## Supplied data
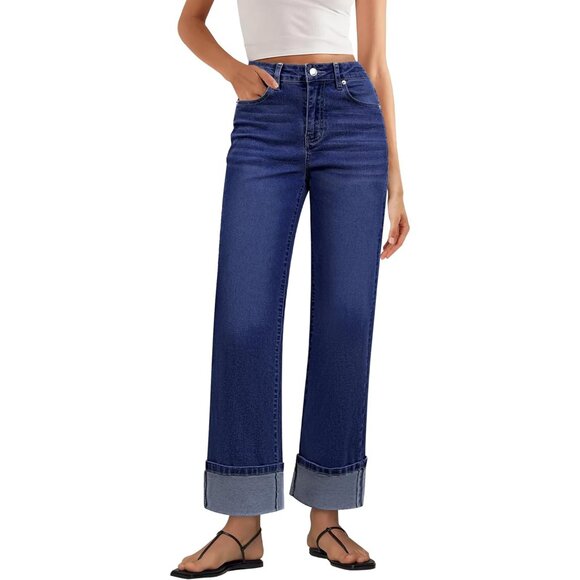Wide Leg Denim Jeans Women High Waisted Cuffed Stretchy Casual Pants - Picture 1 of 6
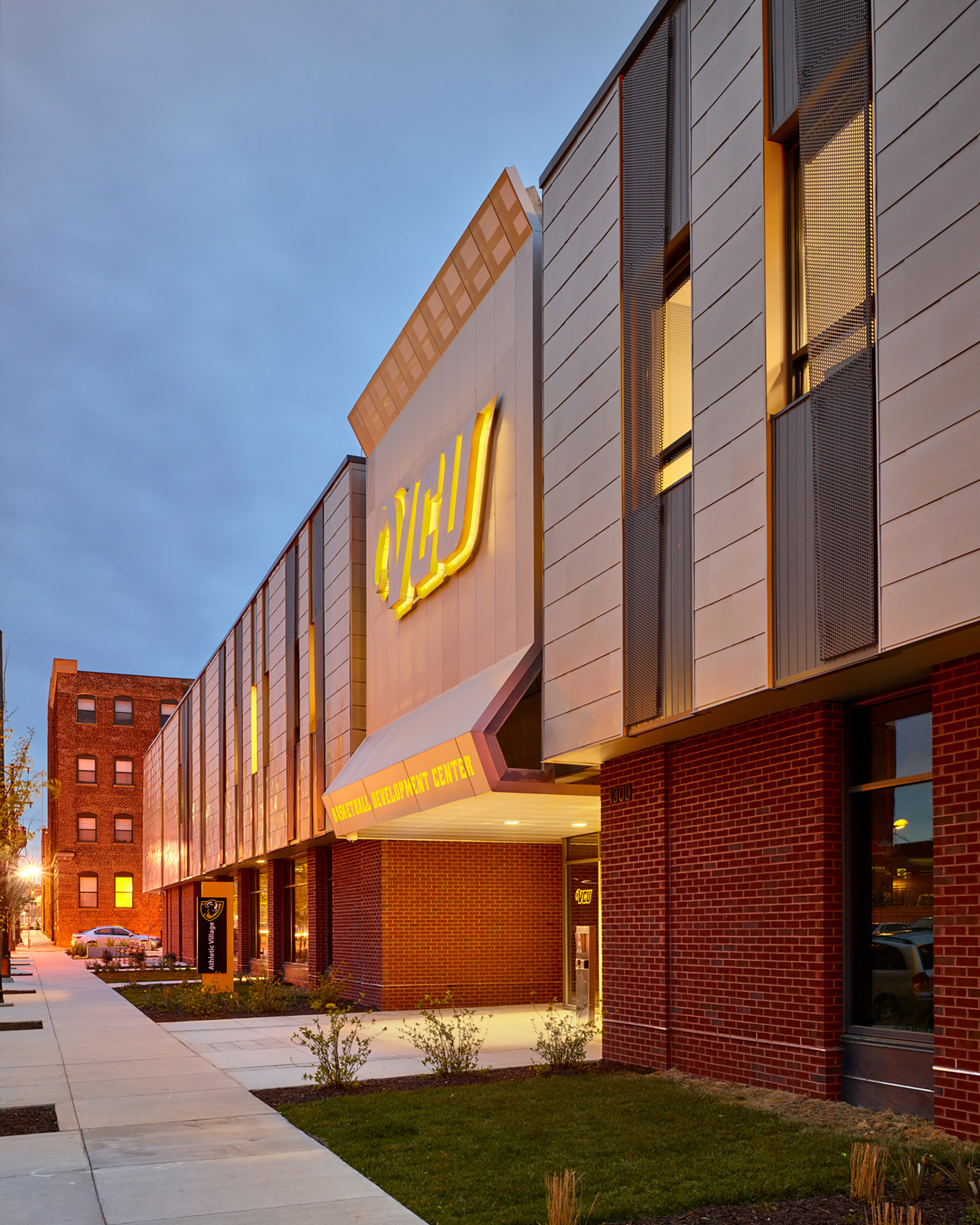 Basketball Development Center Exterior lit signage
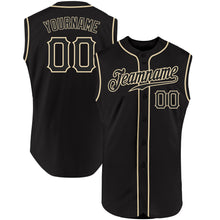 Laden Sie das Bild in den Galerie-Viewer, Custom Black Black-Cream Authentic Sleeveless Baseball Jersey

## Exercise
Copy the full listing above exactly, apart from the pictures.

## Result for this exercise
Wide Leg Denim Jeans Women High Waisted Cuffed Stretchy Casual Pants - Picture 1 of 6
 Basketball Development Center Exterior lit signage
 Laden Sie das Bild in den Galerie-Viewer, Custom Black Black-Cream Authentic Sleeveless Baseball Jersey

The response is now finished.